He should read the "11 ways to improve your sport photography" article here. His shots look like anyone sitting on the side line would have gotten...

no.. yours would be out of focus....

Sure thing! Nice having you here troll!

well at least im not an arrogant prick who attacks photographers who are not here....

Louis Tinsley's picture

I'm glad he had some new found respect for photographers. Sports photography isn't really my thing anymore (I used to shoot boxing) but it really is hard on a guys back. Not to mention fast paced.

His shots actually aren't bad. Had no idea he had an interest in photography.

TRON !'s picture

Fuck this. Fuck everything about this.

Jayson Carey's picture

why? I'm genuinely curious.

Justin Haugen's picture

Not bad. There's quite a few former pros who are photographers now. Randy Johnson, Tony Mandarich, Ken Griffey Jr.

Nick Pecori's picture

Randy Johnson is actually a very good photographer (with a kickass logo too). I'll leave his website here for everyone to view:

http://www.rj51photos.com

I really like Randy's photography. I wasn't sure what to think when I saw he was at a couple of the NHRA races a couple years ago hanging with photog Mark Rebilas but I think he's really good. I don't know why he killed his Twitter account so now I follow him on Instagram.

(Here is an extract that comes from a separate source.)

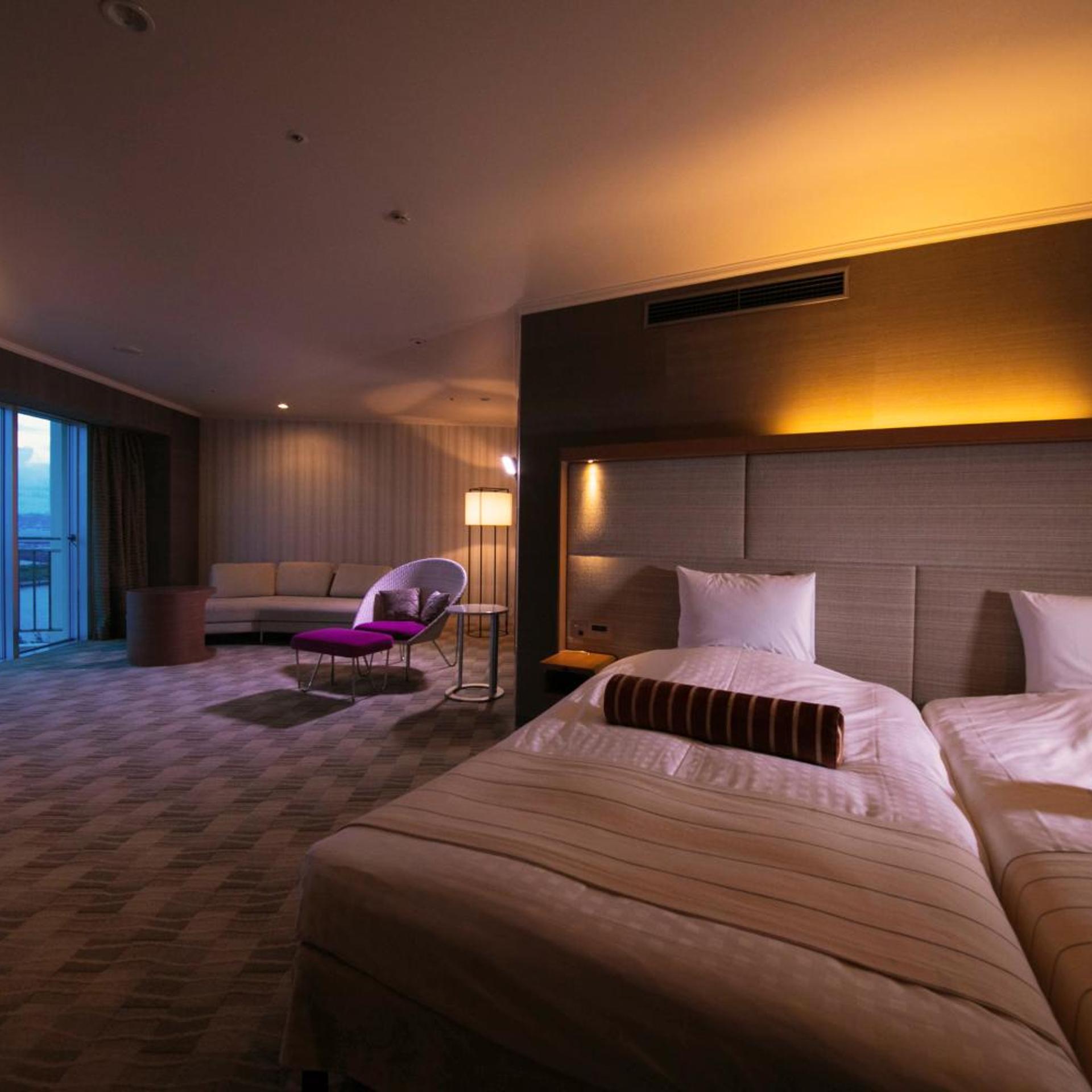 Room, Twin Beds, Main Building, Corner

Andrew Richardson's picture

Rocking the 100-400 4.5-5.6L. Also rocking f/20 0_0

Is this how professional sports photographers shoot? Seems like anyone with decent equipment can get in there and shoot if so. I hate to be a debby downer but I dont think theres anything special about what he did knowing this information about the settings.

Andrew Richardson's picture

No, this isn't how we shoot, and no, there's nothing special about what he did. He's obviously great at the thing which he dedicates his time to. I think the most important part of the piece is the amount of appreciation he gained for people who actually do this for a living. He didn't even have to handle the pressure of editing, captioning, and transmitting either.

Ouch. f/20?

Andrew Richardson's picture

Auto exposure mode with a -4/3 compensation =/

Do you have to dial in 1-1/3 stops underexposure to get f/20? Seriously. How could someone come up with that exposure?

Jayson Carey's picture

someone didn't, the camera did.

Even in AE, looks like he used one wheel to try and shift the exposure, then the other, which was set to exposure compensation.

He selected the aperture (hopefully, in error), so it bumped the ISO high enough to give him a shutter speed equal to the focal length, and when he dialed in the underexposure, it increased his speed that much more.

That's my guess.

nice!! and he's not claiming to be a professionally good at it. but i'm sure he'll get better the more he shoots.

Dan Ostergren's picture

Half the battle as a professional photographer who wants to "make it big" is knowing the right people and getting the right people to see your work and give you a chance. What I would give to be as well connected as a pro athlete. I hope he had fun and that he got paid, and I hope he gets to do this again. I also hope one day to have the opportunity to do big jobs like this as well!

Congrats to Kevin. What a great opportunity! Also terrific for a non-pro to stick his pictures out there for the inevitable public forum pounding. I like the images in his gallery and I also appreciated the humble tone of his narrative. I'd bet he also got some very good bts shots that were not published. Nice work!
John

michael andrew's picture

There is a few ways to look at this cynical and positive.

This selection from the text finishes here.